All my code is hosted here:
https://github.com/and3rson/nice65Currently it can reformat some very simple code/labels/comments. And it's only around 100 lines of Python code so far, most of which are the formal definition of CA65 grammar.
Code:
;;;;;;;;;;;;;;;;;;;;;;;;;;;;;;;;;;;;;;;;;;;;;;;;;;;;;;;;;;;;;;;;
; Before
;;;;;;;;;;;;;;;;;;;;;;;;;;;;;;;;;;;;;;;;;;;;;;;;;;;;;;;;;;;;;;;;
.data
foo:.byte 1
.code
; Fill zeropage with zeroes
fill:
PHa
Phx
lDa #0
LdX#0
@again: sta $00 ,x ;Yeah, we can use stz, but I just need some code to test nice65!
inx
bne fill ; Repeat
@ridiculously_long_label_just_for_the_sake_of_it:PLX
pla
rts
Code:
;;;;;;;;;;;;;;;;;;;;;;;;;;;;;;;;;;;;;;;;;;;;;;;;;;;;;;;;;;;;;;;;
; After
;;;;;;;;;;;;;;;;;;;;;;;;;;;;;;;;;;;;;;;;;;;;;;;;;;;;;;;;;;;;;;;;
.data
foo: .byte 1
.code
; Fill zeropage with zeroes
fill:
PHA
PHX
LDA #0
LDX #0
@again: STA $00, x ; Yeah, we can use stz, but I just need some code to test nice65!
INX
BNE fill ; Repeat
@ridiculously_long_label_just_for_the_sake_of_it:
PLX
PLA
RTS
I'll be trying to improve it, my to-do features are:
- Reliable processing of assembly code without occasionally messing things up
- Support for CA65 macros & control commands
- Differentiating & respecting top-level comments (i. e. function docstring - "; Add two numbers and return result") versus context comments (e. g. "; return if buffer is empty"). This is important since it will allow nice65 to "understand" function boundaries in the code and add empty lines between them to make the code more comprehensible.

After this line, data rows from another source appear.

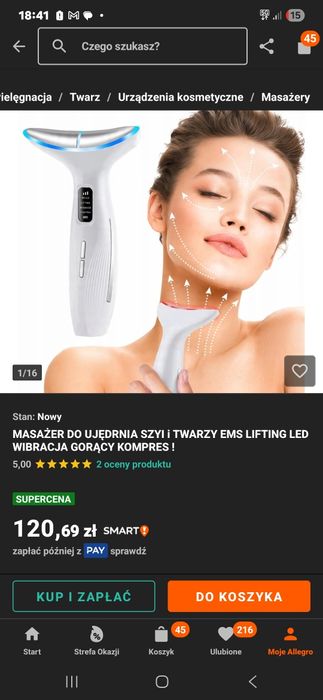 Masażer do twarzy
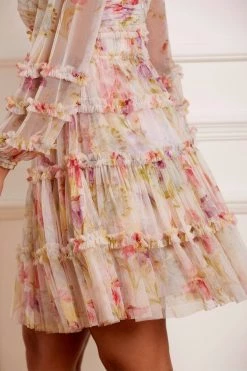 Needle & Thread Holding LTD Iris Bloom Mini Dress 13 Needle & Thread Holding LTD Iris Bloom Mini Dress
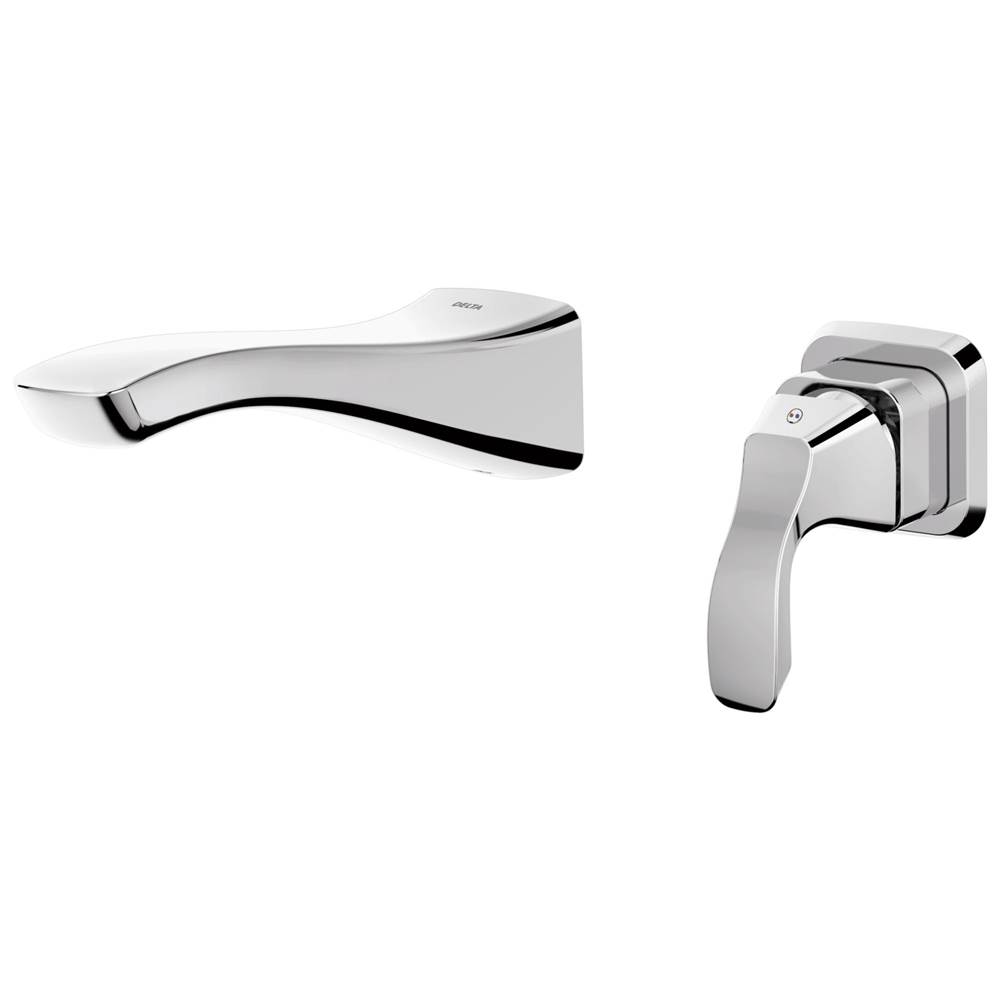 Delta Faucet Tesla® Single Handle Wall Mount Bathroom Faucet Trim
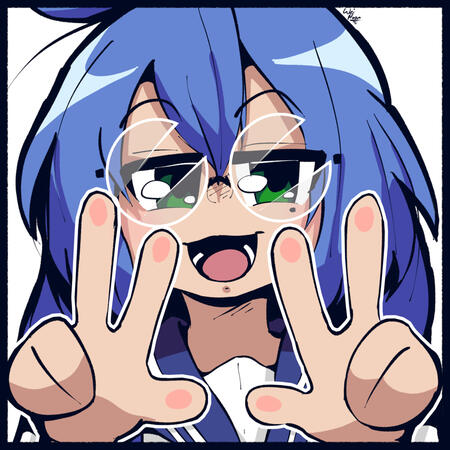 Konata Glasses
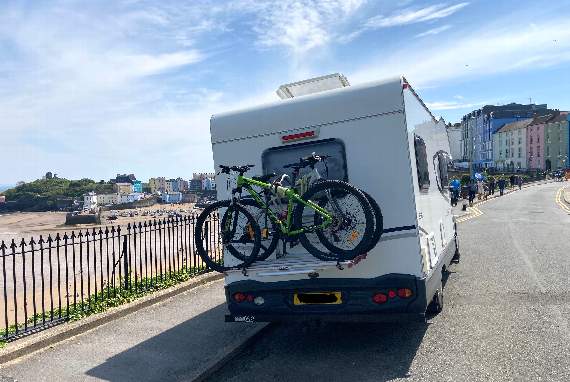 PCC’s parking enforcement officers also had to clampdown on motorhomes and camper vans parking illegally overnight.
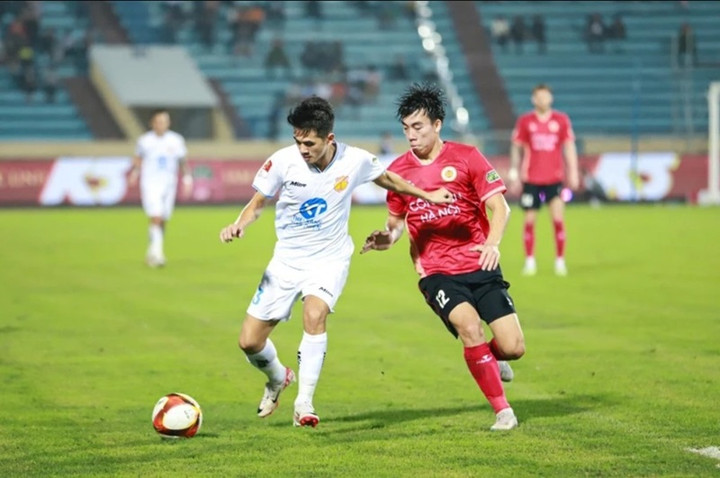 Nam Định chạm trán Công An Hà Nội tại giải Siêu cúp Việt Nam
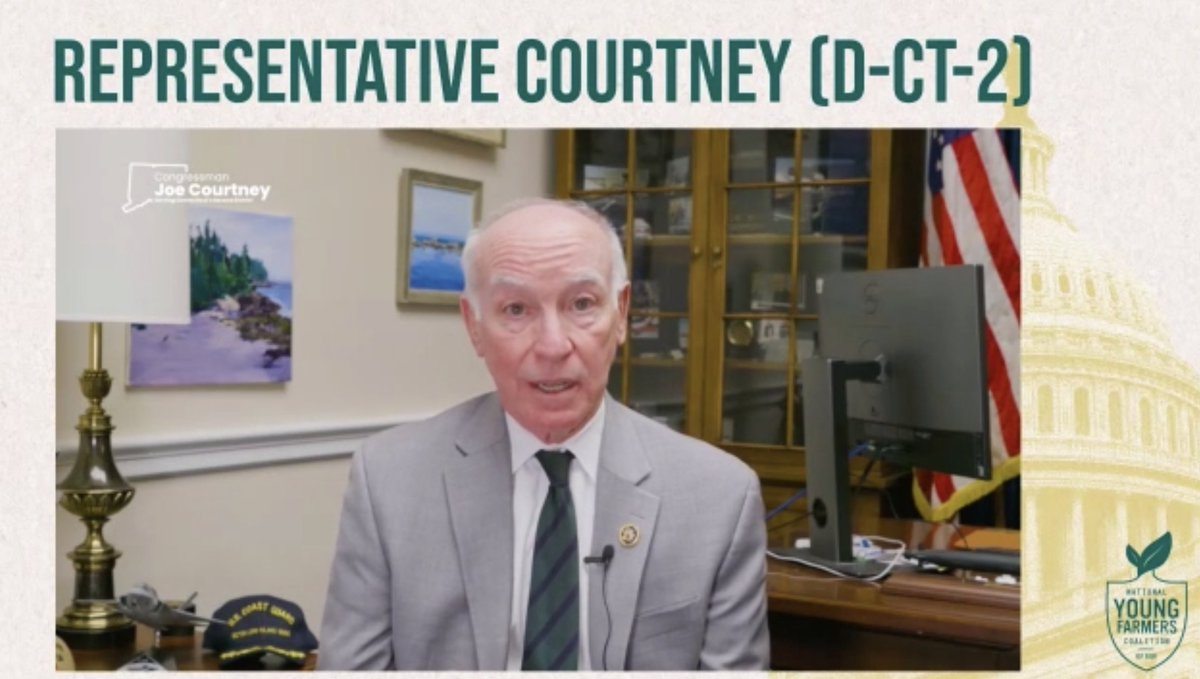 On our #LASOAct briefing this afternoon we're grateful to be joined in support from original bill cosponsors @SenTinaSmith @RepNikkiB @ZachNunn @RepJoeCourtney who understand the importance of promoting equitable #landaccess for #youngfarmers in the #farmbill.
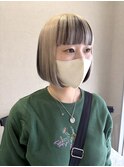 アンブレラカラー/ボブスタイル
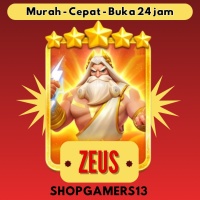 KARTU ZEUS - CHIP HIGGS DOMINO ISLAND / HIGGS GAMES ISLAND  HDI (BUKA 24 JAM)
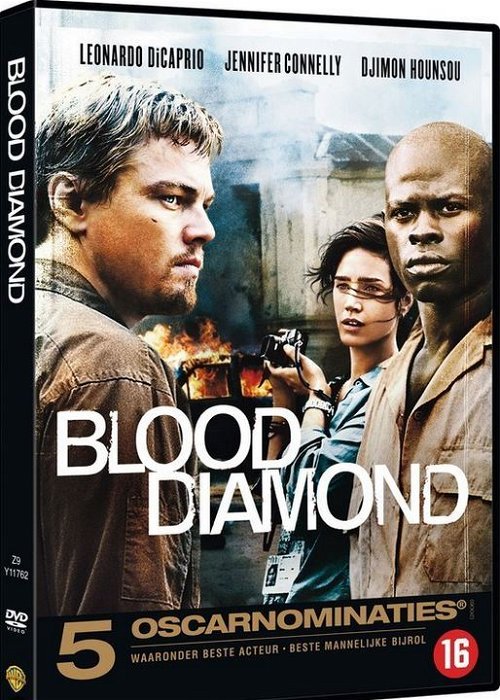 Film - Blood Diamond (DVD)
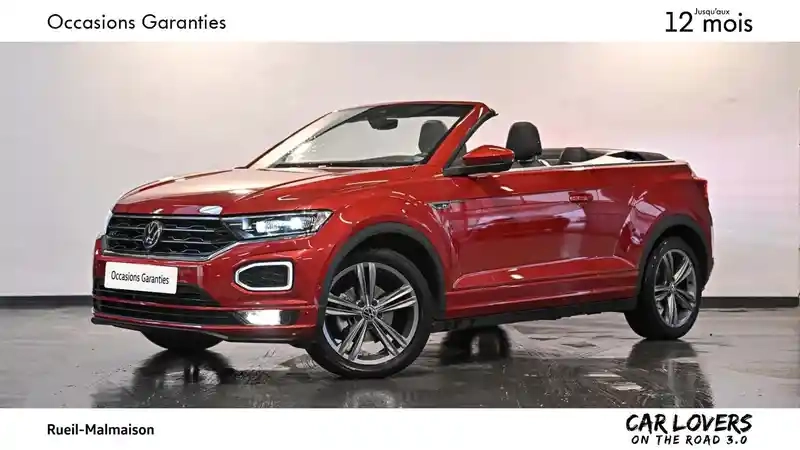 Photo Volkswagen T-roc R-line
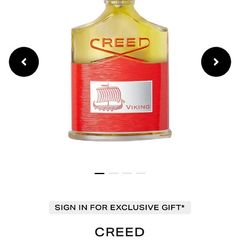 CREED VIKING 100ml niche parfum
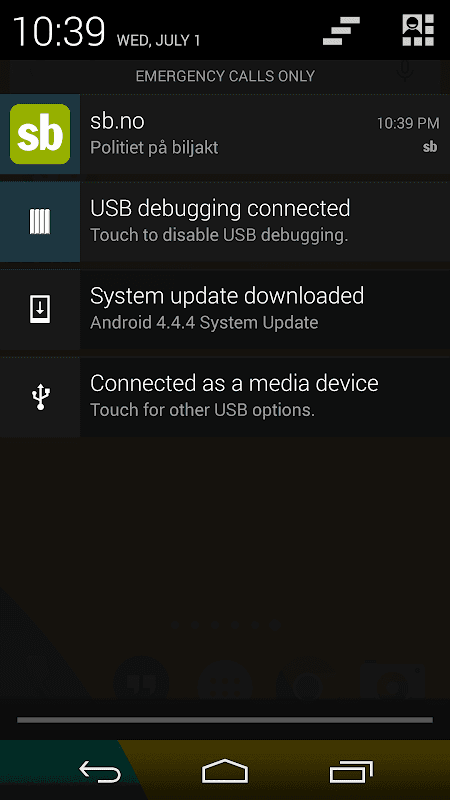 sb.no screenshot 3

- Linter functionality, including warnings for potential mistakes/improvements (e. g. "missing RTS before global label", "JSR/RTS can be replaced with JMP", "Incorrect addrressing mode", etc).
I want to make this similar to Python's black (
https://github.com/psf/black) - one set of sane rules with very little configuration.
Of course, it won't do static analysis as good as CA65, but it might still find lots of common errors that CA65 would silently ignore.
Question to the community: I'd like to conduct a small questionnaire to hear your thoughts on what a "perfect" 6502 assembly code style looks like in your mind, for example:
- What indentation rules do you follow
- Do you use empty lines and how
- Tabs/spaces
- Uppercase/lowercase indentifiers
- Labels & instructions - one line or multiple, different indentation for global & local ("cheap") labels, etc.
- Maximum line length
- Your personal code style preferences for which you would like to have a configuration option
I know there probably won't be "one size fits all", but I think most of the above can be nicely compiled into what I'd call a "sane code style rules for 6502 ASM", while controversial preferences can be made into configurable options (e. g. maximum line length, comment wrapping, etc). Looking forward to your thoughts!